Could you print, exactly as they stand, the lines from the one holding "Gobierno divulga carta" to the end of the data below, and nothing more?

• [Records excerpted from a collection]
===

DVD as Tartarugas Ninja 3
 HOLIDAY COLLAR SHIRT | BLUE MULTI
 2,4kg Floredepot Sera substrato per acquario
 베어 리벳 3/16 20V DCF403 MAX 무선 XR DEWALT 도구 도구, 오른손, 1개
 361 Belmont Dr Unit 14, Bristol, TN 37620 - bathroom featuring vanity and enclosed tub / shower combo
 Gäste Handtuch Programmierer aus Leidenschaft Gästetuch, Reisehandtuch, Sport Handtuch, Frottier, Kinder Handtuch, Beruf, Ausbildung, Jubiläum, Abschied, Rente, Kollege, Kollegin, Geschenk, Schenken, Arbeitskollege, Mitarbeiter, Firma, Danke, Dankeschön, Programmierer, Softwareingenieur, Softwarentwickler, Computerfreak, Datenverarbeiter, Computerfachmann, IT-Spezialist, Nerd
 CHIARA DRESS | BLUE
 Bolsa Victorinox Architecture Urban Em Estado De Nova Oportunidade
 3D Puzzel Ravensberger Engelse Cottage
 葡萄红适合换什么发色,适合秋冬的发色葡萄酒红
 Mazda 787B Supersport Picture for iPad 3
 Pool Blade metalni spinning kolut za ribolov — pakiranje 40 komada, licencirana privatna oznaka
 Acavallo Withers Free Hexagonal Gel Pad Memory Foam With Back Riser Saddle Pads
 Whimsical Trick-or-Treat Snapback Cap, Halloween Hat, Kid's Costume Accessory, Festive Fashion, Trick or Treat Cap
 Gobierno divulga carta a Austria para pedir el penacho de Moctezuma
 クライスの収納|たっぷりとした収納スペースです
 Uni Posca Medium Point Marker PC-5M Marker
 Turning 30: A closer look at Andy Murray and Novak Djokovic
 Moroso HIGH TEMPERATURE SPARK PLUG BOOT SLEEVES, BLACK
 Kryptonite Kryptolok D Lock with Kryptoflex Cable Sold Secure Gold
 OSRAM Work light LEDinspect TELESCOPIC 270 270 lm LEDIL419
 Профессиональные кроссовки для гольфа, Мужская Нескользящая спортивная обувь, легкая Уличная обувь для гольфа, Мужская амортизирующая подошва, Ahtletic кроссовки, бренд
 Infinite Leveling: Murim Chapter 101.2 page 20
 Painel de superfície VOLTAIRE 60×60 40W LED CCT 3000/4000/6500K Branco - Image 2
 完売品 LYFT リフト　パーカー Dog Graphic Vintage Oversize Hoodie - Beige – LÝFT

===

• [EXERCISE RESPONSE]
 Gobierno divulga carta a Austria para pedir el penacho de Moctezuma
 クライスの収納|たっぷりとした収納スペースです
 Uni Posca Medium Point Marker PC-5M Marker
 Turning 30: A closer look at Andy Murray and Novak Djokovic
 Moroso HIGH TEMPERATURE SPARK PLUG BOOT SLEEVES, BLACK
 Kryptonite Kryptolok D Lock with Kryptoflex Cable Sold Secure Gold
 OSRAM Work light LEDinspect TELESCOPIC 270 270 lm LEDIL419
 Профессиональные кроссовки для гольфа, Мужская Нескользящая спортивная обувь, легкая Уличная обувь для гольфа, Мужская амортизирующая подошва, Ahtletic кроссовки, бренд
 Infinite Leveling: Murim Chapter 101.2 page 20
 Painel de superfície VOLTAIRE 60×60 40W LED CCT 3000/4000/6500K Branco - Image 2
 完売品 LYFT リフト　パーカー Dog Graphic Vintage Oversize Hoodie - Beige – LÝFT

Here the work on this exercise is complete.